*** Given information Section Begins ***

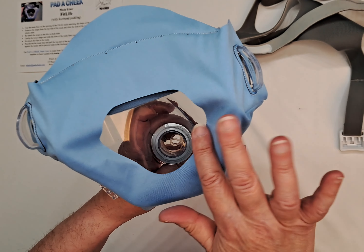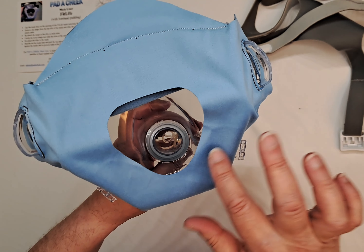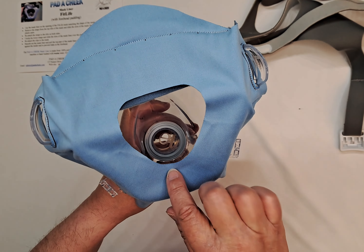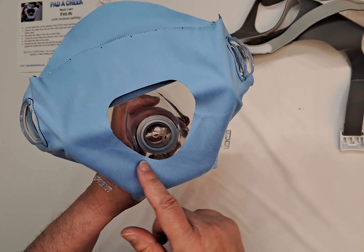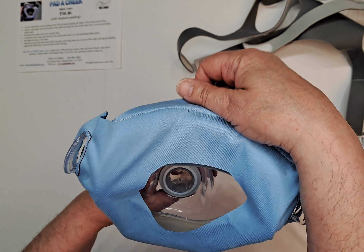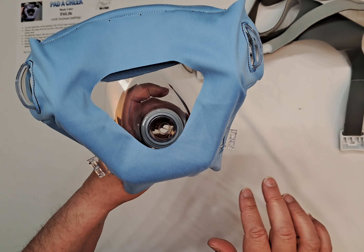If you need to make the hole larger, that's easy to do. Just take a pair of sharp scissors and cut very close to the line. Don't cut too much at one time — try it, and if you need to cut some more, cut some more.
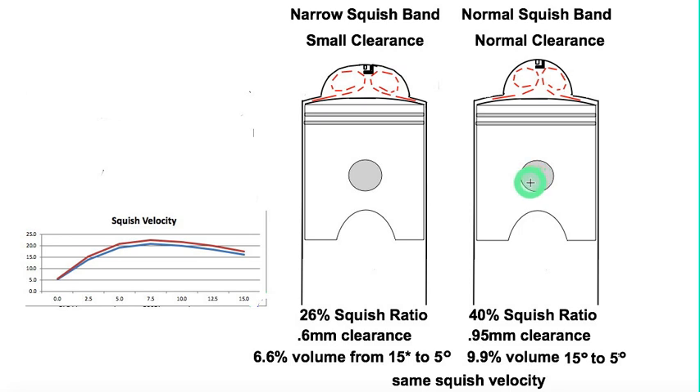I had a head that I was trying to get to work on my bike and finally gave up because I didn't want a high compression ratio. Looking at it, I had a real unease — something felt wrong but I couldn't immediately identify what it was.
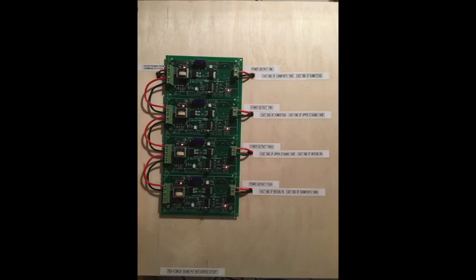Last August I put in the PSX4 circuit board. You can do that circuit board system in two different ways: one continuous bus line, or you can break it up into power districts — four different sections. I chose to break my layout up into four separate sections so that each district has its own circuit breaker.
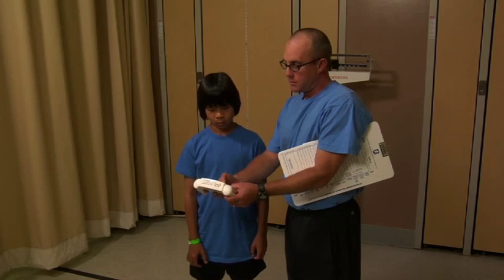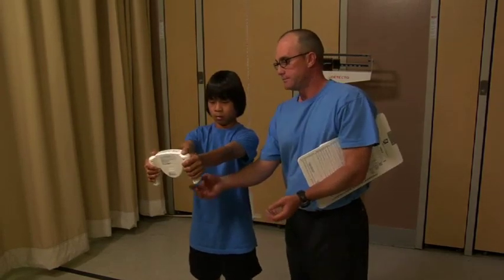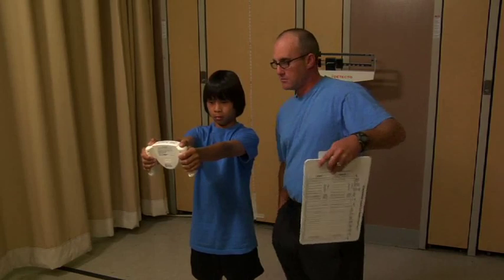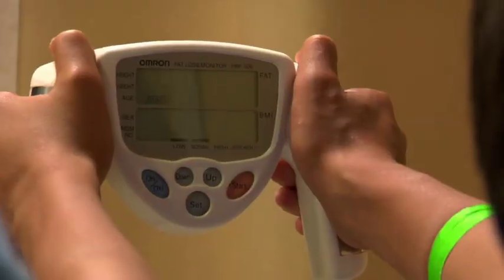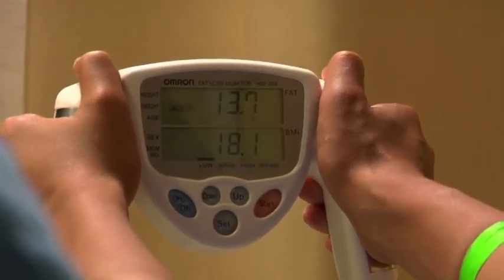To hold the device shown here, the student stands with both feet slightly apart and holds the device by wrapping the palm around the grip and placing the thumb up so it rests on the top of the grip. The student should hold their arms straight out at a 90-degree angle to the body. Once the device is started, the student should not move until the body fat score is generated.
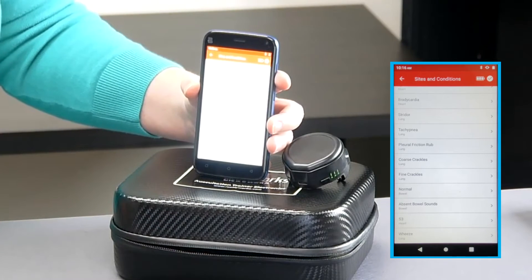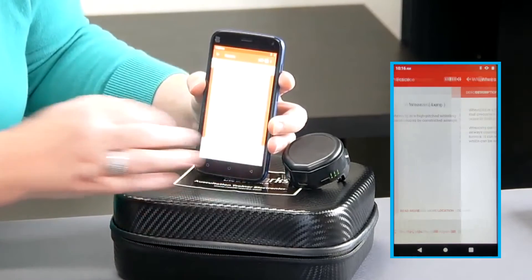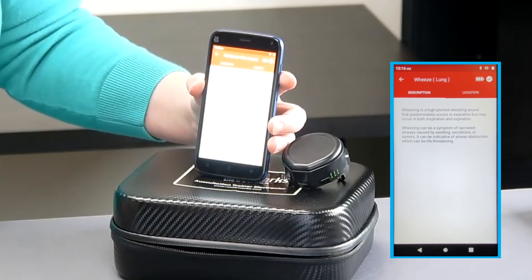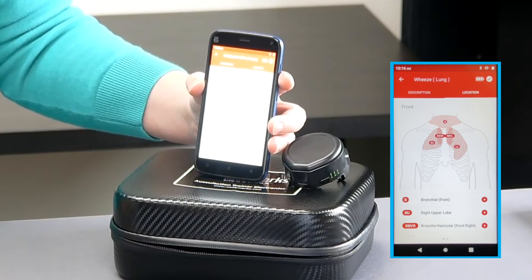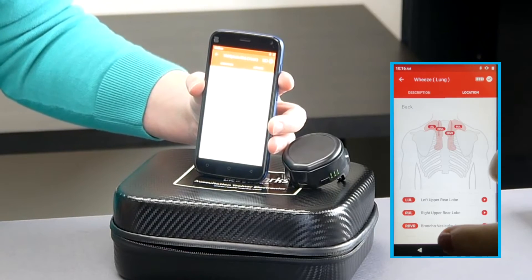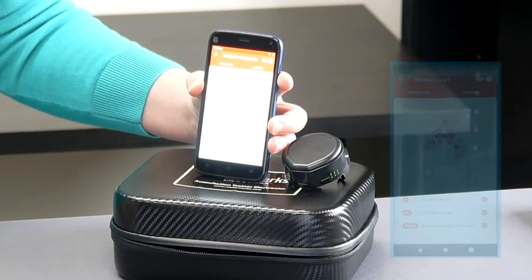The student can tap these cards, read a description of the condition, and tap 'Location' — this points out the correct stethoscope placement to hear that sound. Practicing this way really focuses students on connections between identifying the sounds they're hearing and the locations on the body.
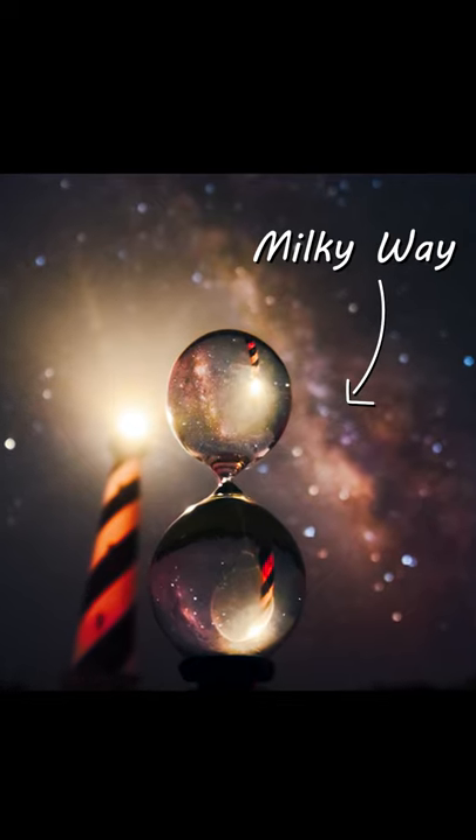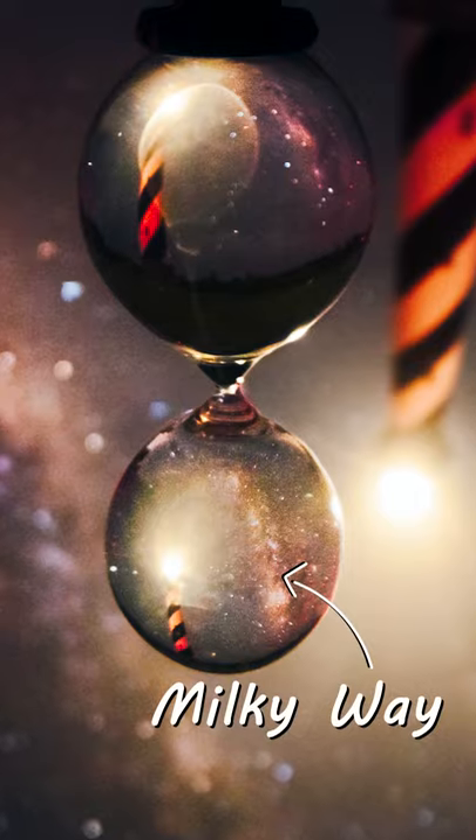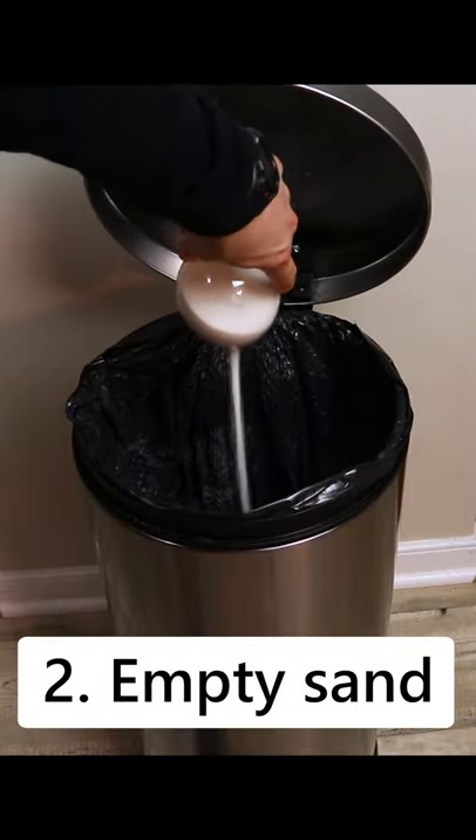I photographed the Milky Way at the Cape Hatteras lighthouse, but here's the best part: I captured a mini version of the Milky Way inside this hourglass. I did this by taking an hourglass, emptying the sand, and filling it with water.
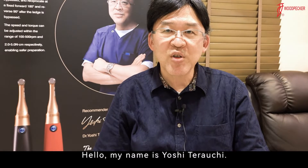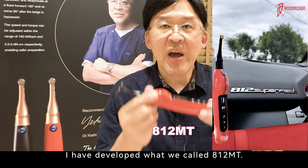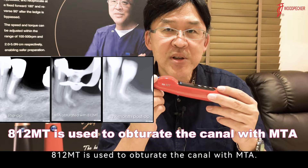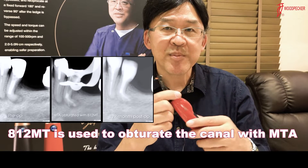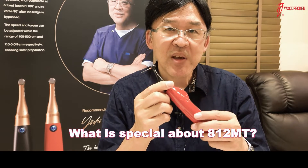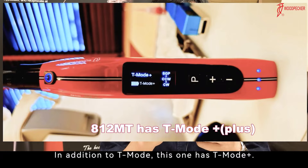Hello, my name is Yoshi Terawuchi. I have developed what we call 812MT. 812MT is used to obturate the canal with MTA. What is special about 812MT? In addition to T-Mode, this one has T-Mode Plus.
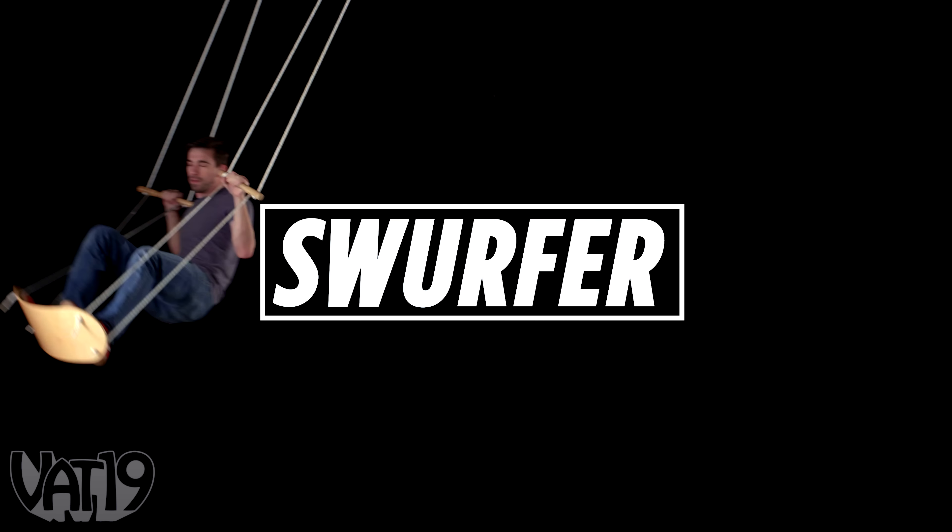With a UV-coated water-resistant finish, the American-made Swerfer will give the whole family years of outdoor enjoyment. Hang out on a tree and hang 10 on a swinging surfboard. Buy the Swerfer and hundreds more gifts at Vat19.com.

*** Given information Section Ends ***

**Your goal**
The entire listing above is to be copied exactly, with all pictures omitted.

**Problem solution**
If you need to make the hole larger, that's easy to do. Just take a pair of sharp scissors and cut very close to the line. Don't cut too much at one time — try it, and if you need to cut some more, cut some more.
I had a head that I was trying to get to work on my bike and finally gave up because I didn't want a high compression ratio. Looking at it, I had a real unease — something felt wrong but I couldn't immediately identify what it was.
Last August I put in the PSX4 circuit board. You can do that circuit board system in two different ways: one continuous bus line, or you can break it up into power districts — four different sections. I chose to break my layout up into four separate sections so that each district has its own circuit breaker.
To hold the device shown here, the student stands with both feet slightly apart and holds the device by wrapping the palm around the grip and placing the thumb up so it rests on the top of the grip. The student should hold their arms straight out at a 90-degree angle to the body. Once the device is started, the student should not move until the body fat score is generated.
The student can tap these cards, read a description of the condition, and tap 'Location' — this points out the correct stethoscope placement to hear that sound. Practicing this way really focuses students on connections between identifying the sounds they're hearing and the locations on the body.
I photographed the Milky Way at the Cape Hatteras lighthouse, but here's the best part: I captured a mini version of the Milky Way inside this hourglass. I did this by taking an hourglass, emptying the sand, and filling it with water.
Hello, my name is Yoshi Terawuchi. I have developed what we call 812MT. 812MT is used to obturate the canal with MTA. What is special about 812MT? In addition to T-Mode, this one has T-Mode Plus.
With a UV-coated water-resistant finish, the American-made Swerfer will give the whole family years of outdoor enjoyment. Hang out on a tree and hang 10 on a swinging surfboard. Buy the Swerfer and hundreds more gifts at Vat19.com.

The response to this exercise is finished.